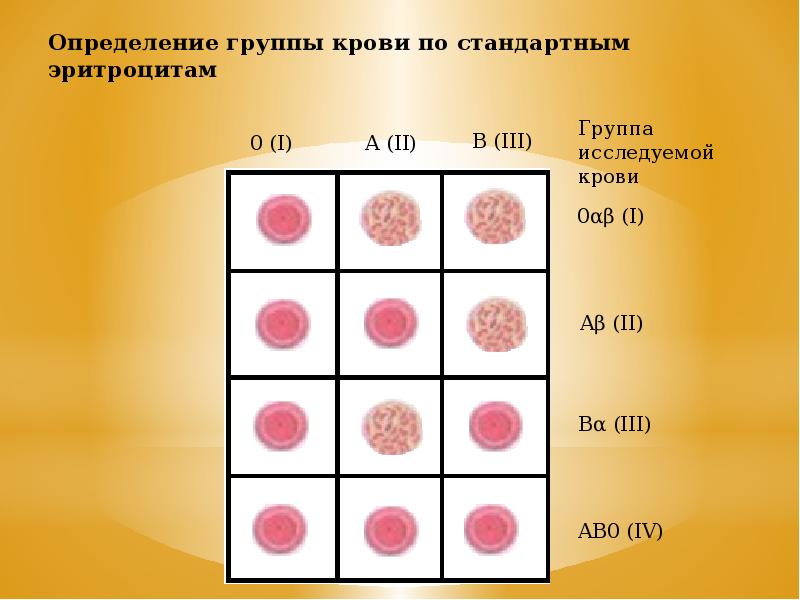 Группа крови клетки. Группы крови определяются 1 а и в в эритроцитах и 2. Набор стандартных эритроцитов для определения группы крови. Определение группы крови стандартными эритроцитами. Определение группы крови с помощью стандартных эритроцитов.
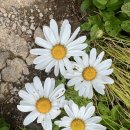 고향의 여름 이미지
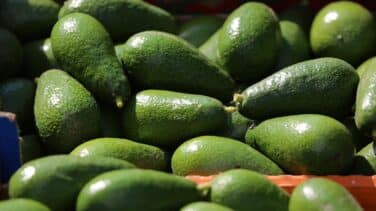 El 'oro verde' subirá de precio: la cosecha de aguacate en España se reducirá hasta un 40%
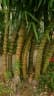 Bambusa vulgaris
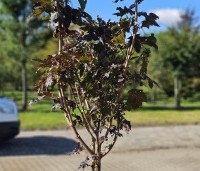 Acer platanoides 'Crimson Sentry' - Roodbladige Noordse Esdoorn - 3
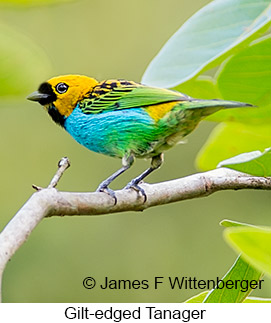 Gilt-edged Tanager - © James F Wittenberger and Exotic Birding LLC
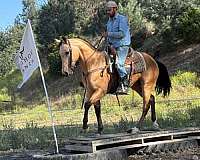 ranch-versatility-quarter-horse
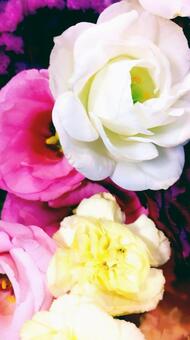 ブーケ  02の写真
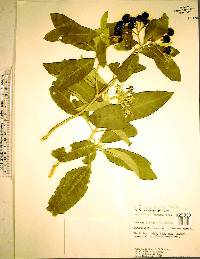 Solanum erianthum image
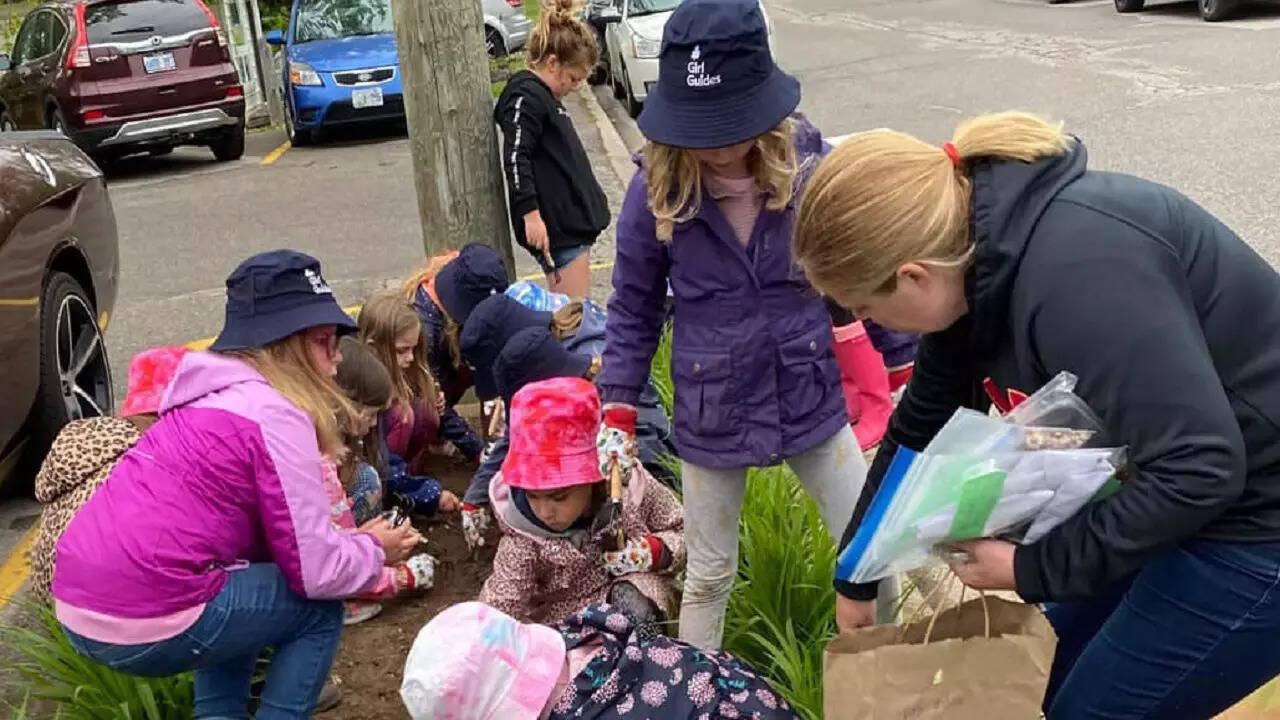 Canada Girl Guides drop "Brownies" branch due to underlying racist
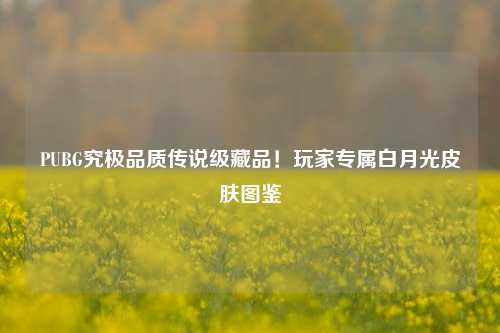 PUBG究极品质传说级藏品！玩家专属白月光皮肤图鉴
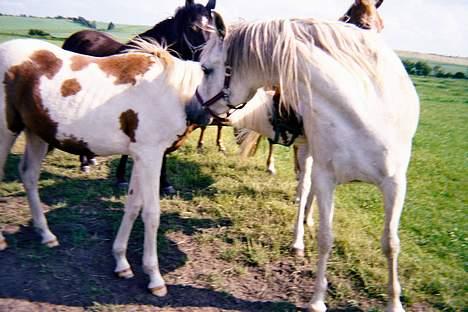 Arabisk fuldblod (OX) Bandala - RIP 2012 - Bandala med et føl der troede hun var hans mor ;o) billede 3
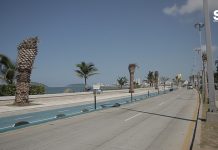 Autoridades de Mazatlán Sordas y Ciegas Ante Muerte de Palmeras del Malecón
* * * * *
> [Aim of the task]: Reprint all the data above verbatim, excluding pictures.

> [Result of this task]:
 Группа крови клетки. Группы крови определяются 1 а и в в эритроцитах и 2. Набор стандартных эритроцитов для определения группы крови. Определение группы крови стандартными эритроцитами. Определение группы крови с помощью стандартных эритроцитов.
 고향의 여름 이미지
 El 'oro verde' subirá de precio: la cosecha de aguacate en España se reducirá hasta un 40%
 Bambusa vulgaris
 Acer platanoides 'Crimson Sentry' - Roodbladige Noordse Esdoorn - 3
 Gilt-edged Tanager - © James F Wittenberger and Exotic Birding LLC
 ranch-versatility-quarter-horse
 ブーケ  02の写真
 Solanum erianthum image
 Canada Girl Guides drop "Brownies" branch due to underlying racist
 PUBG究极品质传说级藏品！玩家专属白月光皮肤图鉴
 Arabisk fuldblod (OX) Bandala - RIP 2012 - Bandala med et føl der troede hun var hans mor ;o) billede 3
 Autoridades de Mazatlán Sordas y Ciegas Ante Muerte de Palmeras del Malecón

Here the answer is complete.